Without knowing it, I'd always had two unspoken arrangements with the world. The first was that I would not trouble it with unpleasant conversation about my father's "gangland-style" murder when I was six years old. The second was that as a consequence of this discretion, I would have the right to feel whatever I felt about the event — not what would be nice to feel, or what was flattering or appropriate to feel.
It's a little disquieting that it's out there in the world now — how I felt, or didn't feel, perhaps how I failed to feel. How I portrayed a man I didn't really know and hardly remembered. A friend of mine once kept an admonition in his painting studio: Give it all. Give it now. I thought about that maxim from time to time as I worked on Evening's Empire. Among other things, writing is a way to confront what is otherwise too difficult or unpleasant to think about. There are certainly other and more popular reasons to write, but books are one of the few places left where we can be serious about what it means to live out our lives on this planet. If there is no difference between being serious and being morbid, then I don't know how our lives will ever have any meaning. I was hoping to write my book in that spirit. A biography, a memoir, a true crime story, a nonfiction novel, a combination of all those things. It is also a portrait of me making a portrait, using whatever I had.
There was a factual story to be told: What were the events that led up to my father's murder? Who was involved? How did it happen? Then there was a bigger mystery to consider: Why are people murdered at all? Which is to ask, what is evil? And so it seemed that the facts alone were not going to be quite enough. To make the facts live as I wanted them to live — for me to understand them in the way I wanted to understand them — meant that I would have to try to imagine them playing out. Because how can you have even an inkling of what evil is, or is like, if you never get beyond the rational? And how can evil register for the writer or for the reader if it is not evoked and made emotional?

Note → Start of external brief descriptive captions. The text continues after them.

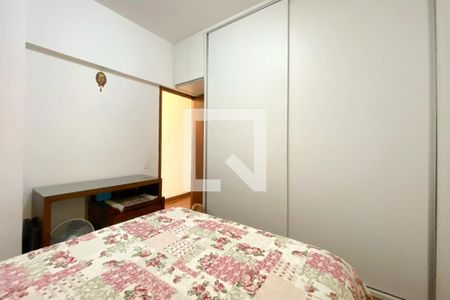 Quarto 2 de apartamento à venda com 3 quartos, 124m² em Santo Antônio, Belo Horizonte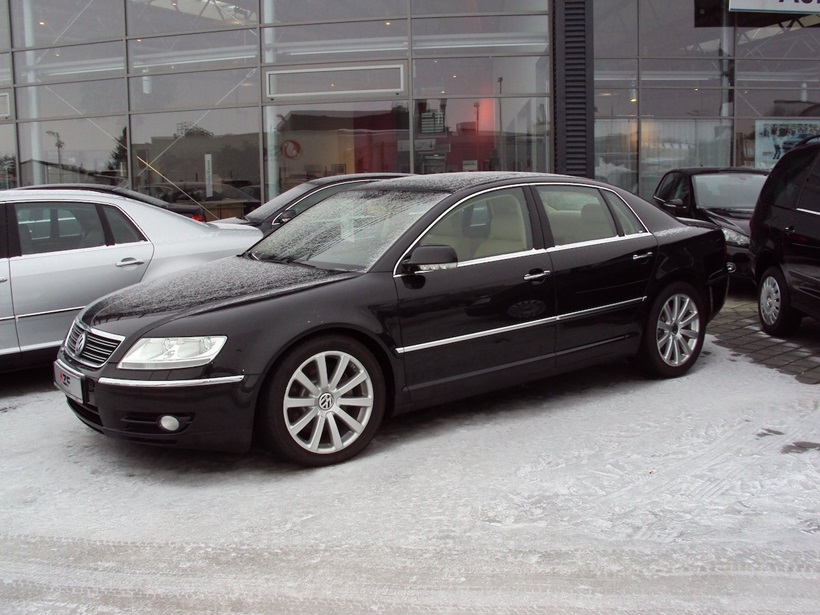 7_Volkswagen_Phaeton.jpg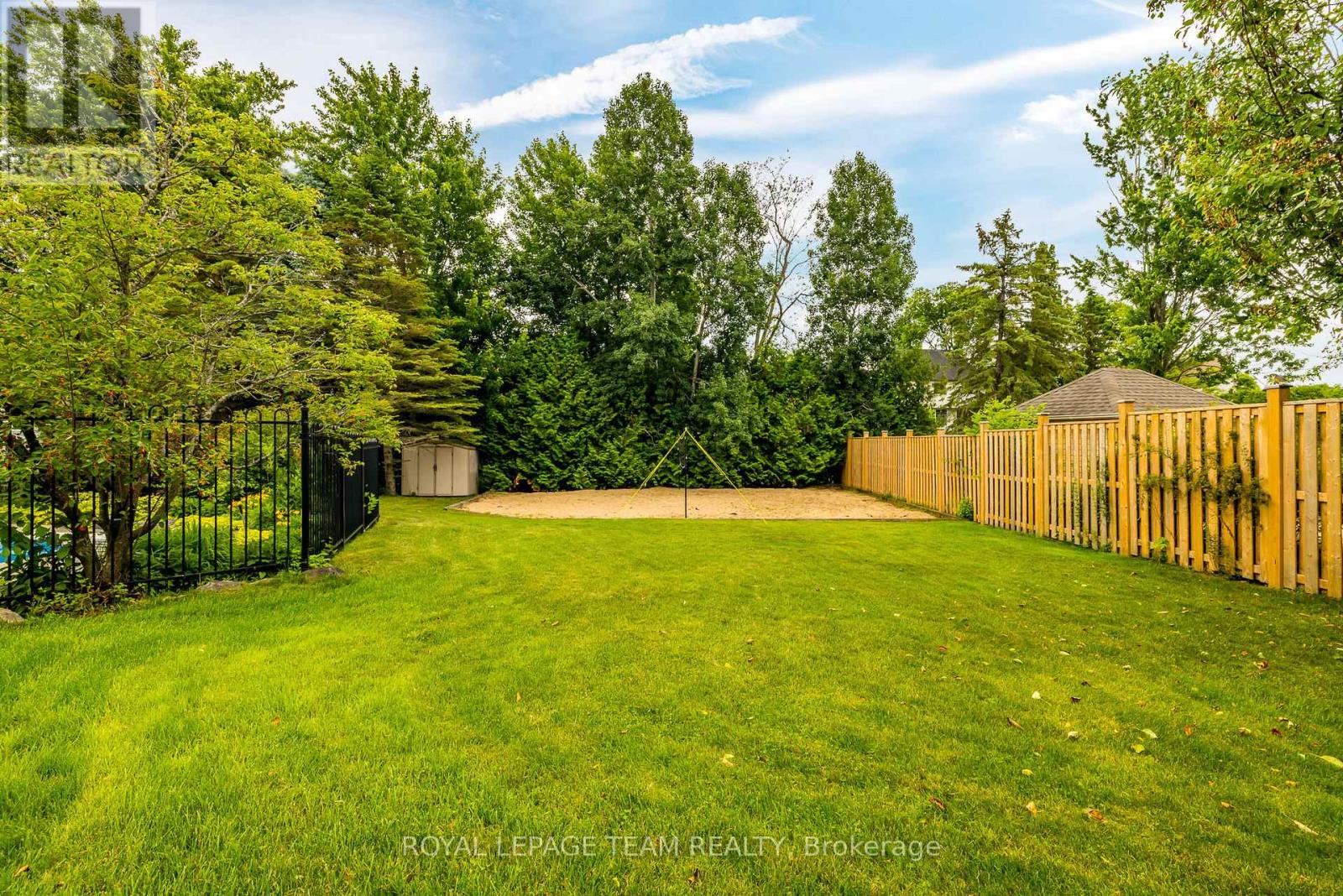 Photo 17 of 10 Beechgrove Gardens, Ottawa ON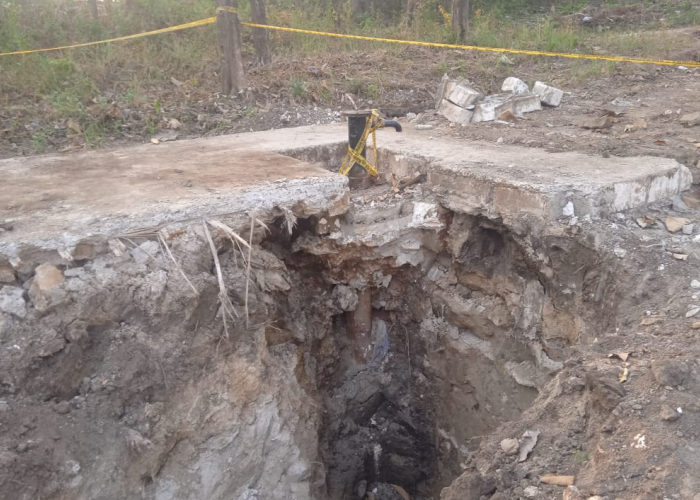 BAHAYA: Police line yang terpasang di titik sumur LDK 27 yang di Desa Ledok, Kecamatan Sambong.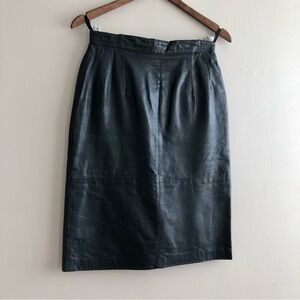 Vintage Genuine Leather High Rise Waist Fitted Mini Length Skirt Black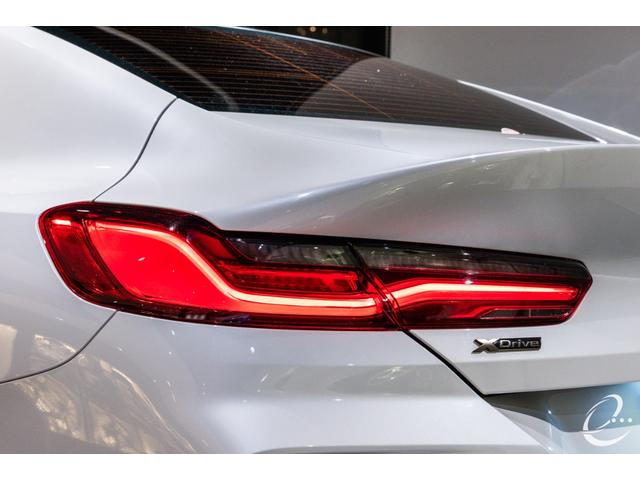 ８シリーズ Ｍ８５０ｉ　ｘＤｒｉｖｅ　グランクーペ　パノラマＳＲ　　１オーナー　　２トーンレザー　　フィオナレッド＆ブラック　レーザーヘッドライト　ＡＣＣ　パーキングアシストプラス　ソフトクローズドドア（56枚目）
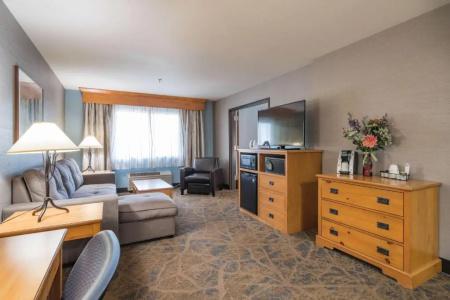 Best Western Plus Grantree Inn - 100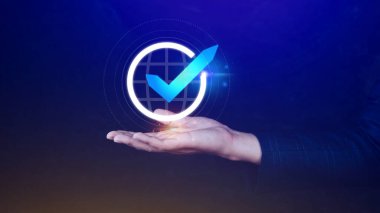 Kalite Güvence Standartları, El en üst düzey hizmet Kalite Güvencesi, Garanti, Standartlar, ISO sertifikası ve standartlaştırma kavramının işaretini gösteriyor.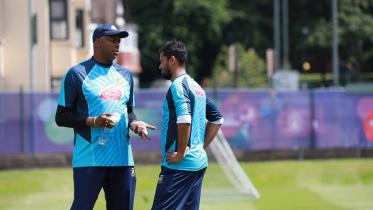 Courtney Walsh & Mashrafe Mortaza
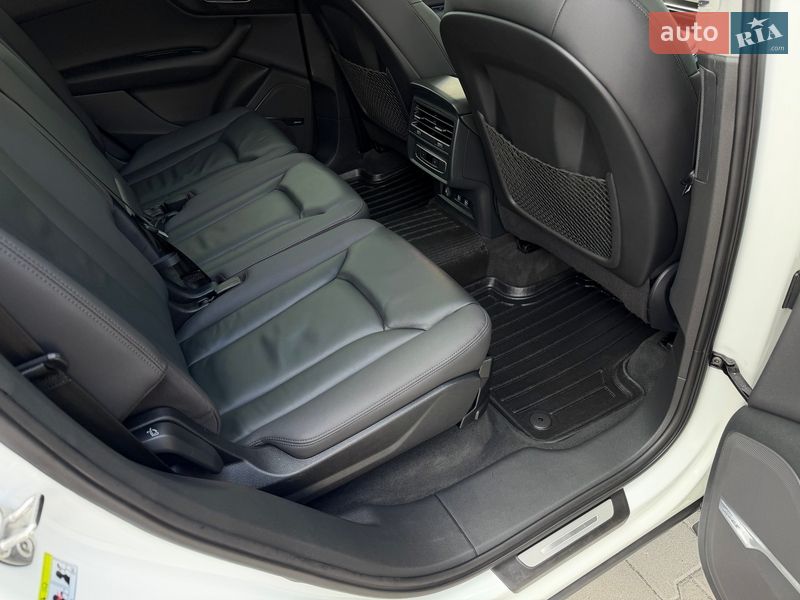 Внедорожник / Кроссовер Audi Q7 2019 в Тернополе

What if there were no places left to be serious about what it means to live out our lives on this planet? If we had to live like children all the time — sometimes enchanted, sometimes disenchanted, always more or less confused? I think life without seriousness might look something like an anecdote I started writing and then chose to omit from my book. It was an anecdote about myself on the day after my father's murder, a six-year-old boy already seduced by the narcotic power of daydreaming. What I did on that day was profoundly unserious: I went to school and bragged about it. My father's murder was exciting, an adventure story I couldn't wait to share with my classmates. There were also two policemen staking out our house and I was thrilled to have them there, standing behind the gate with their holstered guns.
I omitted the anecdote because the book was not meant to be about me, it was meant to be about my father. I omitted it because, although the story is true, to include it seemed contrived. I could have kept it in and added more passages like it and made the book something that, although factually true, would have felt to me emotionally false. False, because the confusion and sadness of the six-year-old boy is not of the same order of magnitude as what happened to the 40-year-old man who was murdered. The 40-year-old man will never have the chance to be anyone beyond who he was at that moment in the stairwell of the parking garage. The six-year-old boy has grown up into someone infinitely different from who he was on that day.
When people ask if writing a book about my father's murder was "cathartic," I find myself uncomfortable with the word. I believe in catharsis, but I think of it as a fleeting, delicate state of mind, like joy or sadness. If it is indeed fleeting, then cartharsis is actually the opposite of "closure," that other word we hear so much in connection with loss or grief. Closure implies a wrapping-up of affairs. I've never understood how this is any different from forgetting or just not thinking or feeling. It is in fact by opening up — by confronting what is otherwise too difficult or unpleasant to think about — that we achieve catharsis. There are a lot of casualties by the time we get to the end of King Lear. Our pleasure in The Tempest is that we've seen how much could have gone wrong but didn't. A play or a book can probably not change us very much in any permanent way, but catharsis is important in the same way that joy and sadness are important. Catharsis lets us feel a kind of dignity that we are frequently unable to feel.
It was the one story I thought I should never write, suspecting that it was the wellspring of my writing impulse, my ur-story. And yet I felt inclined to write it; it was the ultimate story. It was a way of getting to know my father for the first time — a man who might have gone on living, and if he had been able to do so, might have altered everything I think and feel.